I am wondering how could a simple 5 Bernoulli random variable “data” be modelled by fitting a “mixed decision tree” model in Stan.

I am wondering if the traditional decision tree method is “just” simply a max likelihood approximation to some simple Stan model. Something that can be described in Stan, in a “not too complicated way”.

What needs to be described is a distribution on the tree structures, so it is a mixture model of decision trees, it is not clear to me how easy it is to do this in practice with Stan, partially due to the “mixture model chain convergence problem” because the random variable that indexes the tree structure is discrete, but, this is just a vague intuition.

Any thoughts on this topic ?

Cheers,

Jozsef

This may be of interest. Try implementing the log likelihood of a mixture as a Stan function with some generated data if it’s of interest and post it and I’d be happy to muddle through trying to make it work in Stan with you :-)

Yes, I think we had that as a homework assignment in 2010 or so, given by J. Hollmen : https://people.aalto.fi/jaakko.hollmen#publications . At least the EM approximation.

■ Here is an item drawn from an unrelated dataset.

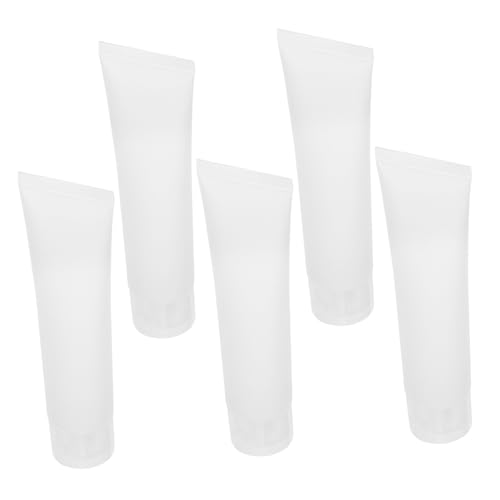 MUSISALY 5stücke Wiederverwendbare Reise Flaschen Squeeze Bottle Mit Aufbewahrungsbox Für Haarshampoo Körperlotion Gesichtsreiniger Handcreme Sonnenmilch MUSISALY 5stücke Wiederverwendbare Reise Flaschen Squeeze Bottle Mit Aufbewahrungsbox Für Haarshampoo Körperlotion Gesichtsreiniger Handcreme Sonnenmilch von MUSISALY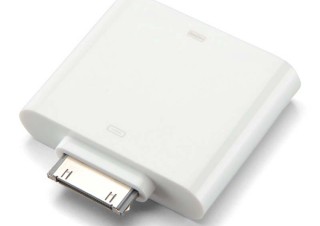 サンワサプライ、iPhone/iPadにHDMIケーブルを接続するアダプタ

I was wondering, what would it mean to do a “decision tree” modelling on 3 binary random variables : A, B, C

then the “phase space” (the states, in which the system-to-be-modelled can be) is :

\begin{array}{c|cc} & A & B & C \\ P_1 & 0 & 0 & 0 &\hline \\ P_2 & 1 & 0 & 0 \\ P_3 & 0 & 1 & 0 \\ P_4 & 1 & 1 & 0 \\ P_5 & 0 & 0 & 1 \\ P_6 & 1 & 0 & 1 \\ P_7 & 0 & 1 & 1 \\ P_8 & 1 & 1 & 1 \\ \end{array}

In a decision tree, the result is “deterministic”, hence the probabilities are either zero, or “one”. Or, better said, the conditional probabilities.

So, if C is to be “predicted” by a decision tree then - for example - P(C=1|A=0,B=0) can be either 0 or 1 but nothing else, this is because decision tree-s are “deterministic”, at least the “non-Bayesian” ones.